Wake Up and Spill the Beans
Apr 11, 2026
One of the things I loved most as a principal was creating leadership opportunities for students and then watching how much they had to offer when someone finally made space for it. Not because they were the obvious choices. Not because they had perfect grades or spotless discipline records. Because someone asked. Because someone believed there was something worth inviting out of them.
I loved what happened next.
Students started bringing me real insight about the school. They talked honestly about hallway bullying, frustrating locker-room situations, and things adults often don't fully see. They did more than share concerns. They helped problem-solve. They offered ideas, noticed patterns, and brought a perspective that improved our decisions. They saw the school differently than we did, and once we started listening, everything got richer.
They also started stepping up in visible ways. They visited classrooms, spoke with younger students, helped create incentives, and helped shape the building's culture. Leadership looked different for each of them. Some were loud and out front. Some were quiet and steady. But all of them had something to give that had been sitting there, waiting to be called out.
That is the opportunity principals have. Not just to manage a building, but to develop people. Students included. When you create the conditions for leadership, you get to watch someone discover something in themselves they didn't know was there. That doesn't get old.
One of my favorite examples was our Coffee Bean Club. Middle school students came before school started, yes, 30 minutes early, to sit with me over coffee and hot chocolate. They talked, laughed, shared ideas, and built community before the first bell even rang. Middle schoolers. Early. Voluntarily.

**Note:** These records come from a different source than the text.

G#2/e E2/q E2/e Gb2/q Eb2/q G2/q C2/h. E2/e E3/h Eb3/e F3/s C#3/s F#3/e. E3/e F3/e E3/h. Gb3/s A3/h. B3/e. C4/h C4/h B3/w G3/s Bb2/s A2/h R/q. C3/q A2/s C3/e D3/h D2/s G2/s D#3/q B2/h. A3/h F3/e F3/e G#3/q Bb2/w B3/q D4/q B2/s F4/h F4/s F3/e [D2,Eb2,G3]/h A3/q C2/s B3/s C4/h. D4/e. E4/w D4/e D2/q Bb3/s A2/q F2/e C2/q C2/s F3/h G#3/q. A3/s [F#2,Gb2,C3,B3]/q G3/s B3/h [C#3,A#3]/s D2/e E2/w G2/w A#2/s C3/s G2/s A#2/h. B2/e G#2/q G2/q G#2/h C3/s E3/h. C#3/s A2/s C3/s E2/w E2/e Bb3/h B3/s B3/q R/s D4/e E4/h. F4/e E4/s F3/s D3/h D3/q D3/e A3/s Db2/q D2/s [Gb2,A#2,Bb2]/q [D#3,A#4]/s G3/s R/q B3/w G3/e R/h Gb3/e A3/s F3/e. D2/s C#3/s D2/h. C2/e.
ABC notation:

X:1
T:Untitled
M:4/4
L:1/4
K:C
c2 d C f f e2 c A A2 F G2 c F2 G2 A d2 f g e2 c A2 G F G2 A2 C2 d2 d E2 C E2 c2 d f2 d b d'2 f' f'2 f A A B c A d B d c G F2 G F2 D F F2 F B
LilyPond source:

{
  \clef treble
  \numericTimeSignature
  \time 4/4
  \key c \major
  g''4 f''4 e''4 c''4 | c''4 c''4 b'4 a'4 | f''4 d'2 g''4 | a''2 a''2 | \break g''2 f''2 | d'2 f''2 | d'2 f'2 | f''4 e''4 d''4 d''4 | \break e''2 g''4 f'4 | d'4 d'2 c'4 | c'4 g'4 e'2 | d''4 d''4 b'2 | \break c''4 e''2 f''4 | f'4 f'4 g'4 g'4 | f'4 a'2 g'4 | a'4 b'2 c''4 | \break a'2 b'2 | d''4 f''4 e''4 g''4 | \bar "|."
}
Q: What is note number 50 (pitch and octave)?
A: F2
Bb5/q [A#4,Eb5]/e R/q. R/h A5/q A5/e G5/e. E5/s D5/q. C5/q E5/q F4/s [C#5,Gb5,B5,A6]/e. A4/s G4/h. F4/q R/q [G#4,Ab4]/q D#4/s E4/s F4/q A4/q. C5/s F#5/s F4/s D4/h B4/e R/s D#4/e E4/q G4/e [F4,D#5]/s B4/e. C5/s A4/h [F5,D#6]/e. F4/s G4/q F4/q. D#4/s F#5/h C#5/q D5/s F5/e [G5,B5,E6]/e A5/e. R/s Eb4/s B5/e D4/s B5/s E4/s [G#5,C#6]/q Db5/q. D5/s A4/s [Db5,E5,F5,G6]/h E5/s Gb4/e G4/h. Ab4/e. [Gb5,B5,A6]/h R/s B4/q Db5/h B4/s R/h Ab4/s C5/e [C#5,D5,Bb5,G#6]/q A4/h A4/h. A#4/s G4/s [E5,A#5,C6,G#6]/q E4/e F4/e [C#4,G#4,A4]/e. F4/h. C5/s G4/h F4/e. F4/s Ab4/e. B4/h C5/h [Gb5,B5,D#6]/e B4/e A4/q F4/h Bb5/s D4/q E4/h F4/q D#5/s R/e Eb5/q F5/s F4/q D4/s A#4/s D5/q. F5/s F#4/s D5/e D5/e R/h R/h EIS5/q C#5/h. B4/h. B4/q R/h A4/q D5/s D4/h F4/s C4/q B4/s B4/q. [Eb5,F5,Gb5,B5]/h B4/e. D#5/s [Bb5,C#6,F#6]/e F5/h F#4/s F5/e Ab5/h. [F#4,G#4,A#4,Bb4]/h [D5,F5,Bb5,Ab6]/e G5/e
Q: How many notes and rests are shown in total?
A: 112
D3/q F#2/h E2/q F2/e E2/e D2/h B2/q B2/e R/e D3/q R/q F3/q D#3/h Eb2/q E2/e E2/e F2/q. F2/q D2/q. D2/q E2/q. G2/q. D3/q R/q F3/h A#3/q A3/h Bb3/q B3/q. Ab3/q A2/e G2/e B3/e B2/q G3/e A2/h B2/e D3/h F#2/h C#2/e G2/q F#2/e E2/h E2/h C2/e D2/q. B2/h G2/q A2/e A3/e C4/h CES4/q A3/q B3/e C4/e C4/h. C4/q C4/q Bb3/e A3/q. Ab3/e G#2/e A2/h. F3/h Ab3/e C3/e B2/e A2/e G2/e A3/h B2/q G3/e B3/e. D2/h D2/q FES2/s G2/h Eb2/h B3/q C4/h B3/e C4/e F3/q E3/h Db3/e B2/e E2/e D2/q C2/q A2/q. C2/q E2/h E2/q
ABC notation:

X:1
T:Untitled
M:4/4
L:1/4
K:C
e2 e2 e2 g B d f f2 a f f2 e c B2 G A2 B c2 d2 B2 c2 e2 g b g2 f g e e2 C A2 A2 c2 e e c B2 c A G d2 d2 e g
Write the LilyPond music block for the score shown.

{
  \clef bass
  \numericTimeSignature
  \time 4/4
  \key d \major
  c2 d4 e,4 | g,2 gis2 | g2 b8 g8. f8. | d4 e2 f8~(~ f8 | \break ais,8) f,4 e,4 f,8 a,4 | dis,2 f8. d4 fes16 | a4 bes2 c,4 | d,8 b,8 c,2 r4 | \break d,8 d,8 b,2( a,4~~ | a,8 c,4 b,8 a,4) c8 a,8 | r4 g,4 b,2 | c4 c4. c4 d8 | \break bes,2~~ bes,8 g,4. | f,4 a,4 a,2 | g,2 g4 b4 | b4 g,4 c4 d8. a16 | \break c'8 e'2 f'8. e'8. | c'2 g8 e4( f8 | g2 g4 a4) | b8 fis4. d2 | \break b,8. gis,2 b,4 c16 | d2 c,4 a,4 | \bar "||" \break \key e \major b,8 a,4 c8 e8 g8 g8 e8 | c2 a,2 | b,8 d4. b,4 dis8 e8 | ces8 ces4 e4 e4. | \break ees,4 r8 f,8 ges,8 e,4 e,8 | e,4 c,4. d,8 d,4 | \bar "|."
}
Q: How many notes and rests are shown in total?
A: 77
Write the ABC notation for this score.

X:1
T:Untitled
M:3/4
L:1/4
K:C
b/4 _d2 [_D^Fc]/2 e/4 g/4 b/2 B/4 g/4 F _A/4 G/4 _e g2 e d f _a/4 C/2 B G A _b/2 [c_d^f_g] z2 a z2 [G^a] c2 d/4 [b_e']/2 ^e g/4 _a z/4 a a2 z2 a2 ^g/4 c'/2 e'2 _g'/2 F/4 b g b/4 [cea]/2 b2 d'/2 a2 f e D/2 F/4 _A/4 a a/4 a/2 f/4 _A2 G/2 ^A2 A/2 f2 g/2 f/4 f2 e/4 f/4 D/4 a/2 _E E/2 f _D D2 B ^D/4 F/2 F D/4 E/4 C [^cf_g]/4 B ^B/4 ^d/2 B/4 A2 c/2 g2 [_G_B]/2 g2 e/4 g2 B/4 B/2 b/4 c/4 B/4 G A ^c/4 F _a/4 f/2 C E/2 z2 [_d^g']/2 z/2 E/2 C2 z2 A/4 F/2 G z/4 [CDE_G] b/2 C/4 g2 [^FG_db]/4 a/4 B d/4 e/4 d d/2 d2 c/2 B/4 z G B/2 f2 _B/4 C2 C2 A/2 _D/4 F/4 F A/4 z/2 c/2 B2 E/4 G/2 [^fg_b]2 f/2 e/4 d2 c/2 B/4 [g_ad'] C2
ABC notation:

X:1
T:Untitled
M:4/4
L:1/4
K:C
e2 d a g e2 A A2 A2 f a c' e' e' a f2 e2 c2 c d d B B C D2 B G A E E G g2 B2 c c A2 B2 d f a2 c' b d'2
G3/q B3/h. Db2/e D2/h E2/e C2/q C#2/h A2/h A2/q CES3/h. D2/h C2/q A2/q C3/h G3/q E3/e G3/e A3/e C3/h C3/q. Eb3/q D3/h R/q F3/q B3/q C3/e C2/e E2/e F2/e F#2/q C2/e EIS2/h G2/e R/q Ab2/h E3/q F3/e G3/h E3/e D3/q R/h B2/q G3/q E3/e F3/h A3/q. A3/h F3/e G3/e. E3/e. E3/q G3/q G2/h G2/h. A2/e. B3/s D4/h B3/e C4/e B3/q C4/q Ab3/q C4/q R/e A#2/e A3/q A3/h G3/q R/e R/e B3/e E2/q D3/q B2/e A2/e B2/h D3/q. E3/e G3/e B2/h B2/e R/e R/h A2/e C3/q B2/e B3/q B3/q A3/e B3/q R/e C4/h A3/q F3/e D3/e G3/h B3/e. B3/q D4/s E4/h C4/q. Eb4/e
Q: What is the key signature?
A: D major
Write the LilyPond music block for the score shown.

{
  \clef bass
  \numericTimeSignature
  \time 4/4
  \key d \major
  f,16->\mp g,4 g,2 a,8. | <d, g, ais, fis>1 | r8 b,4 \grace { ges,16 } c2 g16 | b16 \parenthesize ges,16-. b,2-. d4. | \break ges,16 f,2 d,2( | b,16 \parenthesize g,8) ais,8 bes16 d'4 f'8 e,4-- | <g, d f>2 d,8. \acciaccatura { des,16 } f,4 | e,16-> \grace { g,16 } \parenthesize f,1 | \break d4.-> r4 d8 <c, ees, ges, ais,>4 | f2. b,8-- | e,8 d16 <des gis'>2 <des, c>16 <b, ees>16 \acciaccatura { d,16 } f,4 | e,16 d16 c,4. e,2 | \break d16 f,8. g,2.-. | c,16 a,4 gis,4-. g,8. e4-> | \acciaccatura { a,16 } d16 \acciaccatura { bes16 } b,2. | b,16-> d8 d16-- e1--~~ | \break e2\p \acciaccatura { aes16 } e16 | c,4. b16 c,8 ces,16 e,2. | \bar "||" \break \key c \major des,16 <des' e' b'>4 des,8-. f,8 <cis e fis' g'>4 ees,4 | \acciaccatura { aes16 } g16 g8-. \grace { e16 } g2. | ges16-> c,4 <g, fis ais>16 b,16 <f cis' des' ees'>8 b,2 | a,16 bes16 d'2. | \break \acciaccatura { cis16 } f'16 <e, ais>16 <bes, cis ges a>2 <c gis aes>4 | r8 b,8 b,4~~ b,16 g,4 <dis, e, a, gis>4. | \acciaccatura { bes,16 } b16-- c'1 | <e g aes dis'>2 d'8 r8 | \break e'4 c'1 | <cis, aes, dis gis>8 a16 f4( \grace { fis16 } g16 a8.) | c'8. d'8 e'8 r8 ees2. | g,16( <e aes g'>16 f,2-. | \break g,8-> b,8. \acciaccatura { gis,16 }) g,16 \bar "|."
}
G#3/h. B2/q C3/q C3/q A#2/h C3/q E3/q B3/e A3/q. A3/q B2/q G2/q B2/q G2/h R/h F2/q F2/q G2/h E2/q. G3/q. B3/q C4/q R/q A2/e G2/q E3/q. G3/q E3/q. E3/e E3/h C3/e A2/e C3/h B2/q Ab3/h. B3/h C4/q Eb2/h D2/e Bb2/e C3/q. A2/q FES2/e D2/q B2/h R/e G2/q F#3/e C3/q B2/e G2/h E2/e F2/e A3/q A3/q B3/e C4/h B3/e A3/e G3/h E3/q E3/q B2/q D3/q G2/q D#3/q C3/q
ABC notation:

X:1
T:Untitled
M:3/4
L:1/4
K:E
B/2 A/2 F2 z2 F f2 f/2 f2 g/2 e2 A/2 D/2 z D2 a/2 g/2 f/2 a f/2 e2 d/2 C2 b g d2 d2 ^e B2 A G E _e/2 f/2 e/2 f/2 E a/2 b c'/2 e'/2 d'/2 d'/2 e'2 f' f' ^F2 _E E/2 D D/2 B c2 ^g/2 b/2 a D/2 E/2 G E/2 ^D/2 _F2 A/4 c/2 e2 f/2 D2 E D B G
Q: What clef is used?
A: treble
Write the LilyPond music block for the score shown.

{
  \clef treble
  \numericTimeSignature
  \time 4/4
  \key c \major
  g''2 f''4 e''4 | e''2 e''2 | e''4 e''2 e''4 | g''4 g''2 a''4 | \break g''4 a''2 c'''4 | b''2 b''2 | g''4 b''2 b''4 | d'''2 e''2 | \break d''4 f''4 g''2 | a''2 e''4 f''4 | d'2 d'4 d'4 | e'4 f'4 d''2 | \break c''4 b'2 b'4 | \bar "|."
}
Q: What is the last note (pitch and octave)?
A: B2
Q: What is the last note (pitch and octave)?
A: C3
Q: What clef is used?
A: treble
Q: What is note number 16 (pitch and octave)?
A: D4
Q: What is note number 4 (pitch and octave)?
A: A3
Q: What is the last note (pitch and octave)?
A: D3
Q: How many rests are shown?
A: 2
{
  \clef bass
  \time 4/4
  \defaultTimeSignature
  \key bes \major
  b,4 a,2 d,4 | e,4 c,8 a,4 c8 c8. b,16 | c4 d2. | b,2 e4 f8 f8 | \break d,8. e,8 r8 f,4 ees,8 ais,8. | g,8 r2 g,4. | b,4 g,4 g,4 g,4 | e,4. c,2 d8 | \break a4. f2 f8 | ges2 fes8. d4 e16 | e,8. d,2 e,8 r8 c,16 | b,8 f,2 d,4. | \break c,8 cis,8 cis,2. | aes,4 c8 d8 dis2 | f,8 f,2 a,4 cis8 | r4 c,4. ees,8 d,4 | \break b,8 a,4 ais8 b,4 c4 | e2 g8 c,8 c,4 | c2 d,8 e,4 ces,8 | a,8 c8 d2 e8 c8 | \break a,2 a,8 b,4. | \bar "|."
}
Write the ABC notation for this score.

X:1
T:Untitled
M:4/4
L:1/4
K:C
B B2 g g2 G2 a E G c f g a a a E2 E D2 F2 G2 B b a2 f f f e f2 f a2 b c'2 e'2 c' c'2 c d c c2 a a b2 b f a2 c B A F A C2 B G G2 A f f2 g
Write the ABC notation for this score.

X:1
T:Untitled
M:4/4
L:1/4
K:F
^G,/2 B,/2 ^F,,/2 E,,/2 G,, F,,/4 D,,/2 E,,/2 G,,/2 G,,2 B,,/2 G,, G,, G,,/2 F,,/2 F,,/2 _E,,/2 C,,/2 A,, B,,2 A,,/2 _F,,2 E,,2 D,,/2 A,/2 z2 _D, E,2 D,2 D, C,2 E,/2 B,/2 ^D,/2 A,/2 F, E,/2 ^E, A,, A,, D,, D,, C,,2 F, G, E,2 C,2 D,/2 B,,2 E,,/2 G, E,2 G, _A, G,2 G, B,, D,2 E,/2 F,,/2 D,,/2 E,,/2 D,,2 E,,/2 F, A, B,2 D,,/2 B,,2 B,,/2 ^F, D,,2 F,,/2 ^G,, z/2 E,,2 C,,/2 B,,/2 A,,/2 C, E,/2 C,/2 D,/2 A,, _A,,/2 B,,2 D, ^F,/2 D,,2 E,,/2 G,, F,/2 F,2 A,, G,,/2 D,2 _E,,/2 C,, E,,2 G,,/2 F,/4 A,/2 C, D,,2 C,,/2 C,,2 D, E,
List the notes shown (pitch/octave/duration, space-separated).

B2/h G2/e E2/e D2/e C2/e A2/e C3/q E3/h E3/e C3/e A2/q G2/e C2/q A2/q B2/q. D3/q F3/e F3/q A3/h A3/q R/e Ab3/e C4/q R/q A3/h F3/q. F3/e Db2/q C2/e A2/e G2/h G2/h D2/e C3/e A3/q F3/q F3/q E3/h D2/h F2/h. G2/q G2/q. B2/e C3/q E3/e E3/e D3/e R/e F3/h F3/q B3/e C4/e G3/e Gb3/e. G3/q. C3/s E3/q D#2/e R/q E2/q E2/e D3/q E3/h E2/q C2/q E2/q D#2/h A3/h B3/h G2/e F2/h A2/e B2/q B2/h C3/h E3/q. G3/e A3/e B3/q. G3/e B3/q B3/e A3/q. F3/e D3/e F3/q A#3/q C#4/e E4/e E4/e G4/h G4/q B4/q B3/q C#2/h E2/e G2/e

Not all of them came. And that was okay. I focused on the ones who did, poured into them, and trusted that it would ripple. It did. Students who showed up consistently started showing up differently everywhere else in the building. They carried themselves with more ownership. They noticed things. They spoke up. They set a tone that others eventually followed.
When students are invited into meaningful leadership, they rise with more wisdom, responsibility, and care than anyone expected. Not all at once. Not all of them. But enough to change the culture of a building. Enough to make you wonder why we don't do this more.
There is a lot of untapped leadership sitting in our schools. Sometimes it just takes one adult willing to see it, invite it, and trust it.
What could change in your school if students had more voice, more ownership, and more opportunities to lead?